Locate, in the data below, the line that contains "Baum mit Fruchten." and the line that contains "Lake Park apartment"; reproduce exactly those two lines and every line between them, nothing more.

(Records from a data source)
☆ ☆ ☆
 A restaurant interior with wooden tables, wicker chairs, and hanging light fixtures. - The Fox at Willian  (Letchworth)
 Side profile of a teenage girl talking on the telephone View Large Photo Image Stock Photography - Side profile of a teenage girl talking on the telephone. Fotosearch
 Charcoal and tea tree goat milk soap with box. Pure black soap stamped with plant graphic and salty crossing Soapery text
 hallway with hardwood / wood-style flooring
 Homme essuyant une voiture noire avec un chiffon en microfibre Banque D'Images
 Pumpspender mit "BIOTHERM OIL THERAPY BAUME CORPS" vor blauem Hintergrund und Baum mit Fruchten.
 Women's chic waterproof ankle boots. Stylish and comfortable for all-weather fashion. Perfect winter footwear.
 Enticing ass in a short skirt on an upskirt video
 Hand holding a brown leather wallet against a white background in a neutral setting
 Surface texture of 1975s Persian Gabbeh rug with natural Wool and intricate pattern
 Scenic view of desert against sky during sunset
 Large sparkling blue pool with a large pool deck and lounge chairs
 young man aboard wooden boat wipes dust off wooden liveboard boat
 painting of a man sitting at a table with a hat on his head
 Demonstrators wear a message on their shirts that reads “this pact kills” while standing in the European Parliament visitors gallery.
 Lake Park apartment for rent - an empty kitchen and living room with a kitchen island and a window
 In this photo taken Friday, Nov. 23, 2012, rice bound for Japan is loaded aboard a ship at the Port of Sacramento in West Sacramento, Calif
☆ ☆ ☆
PROBLEM SOLUTION:
 Pumpspender mit "BIOTHERM OIL THERAPY BAUME CORPS" vor blauem Hintergrund und Baum mit Fruchten.
 Women's chic waterproof ankle boots. Stylish and comfortable for all-weather fashion. Perfect winter footwear.
 Enticing ass in a short skirt on an upskirt video
 Hand holding a brown leather wallet against a white background in a neutral setting
 Surface texture of 1975s Persian Gabbeh rug with natural Wool and intricate pattern
 Scenic view of desert against sky during sunset
 Large sparkling blue pool with a large pool deck and lounge chairs
 young man aboard wooden boat wipes dust off wooden liveboard boat
 painting of a man sitting at a table with a hat on his head
 Demonstrators wear a message on their shirts that reads “this pact kills” while standing in the European Parliament visitors gallery.
 Lake Park apartment for rent - an empty kitchen and living room with a kitchen island and a window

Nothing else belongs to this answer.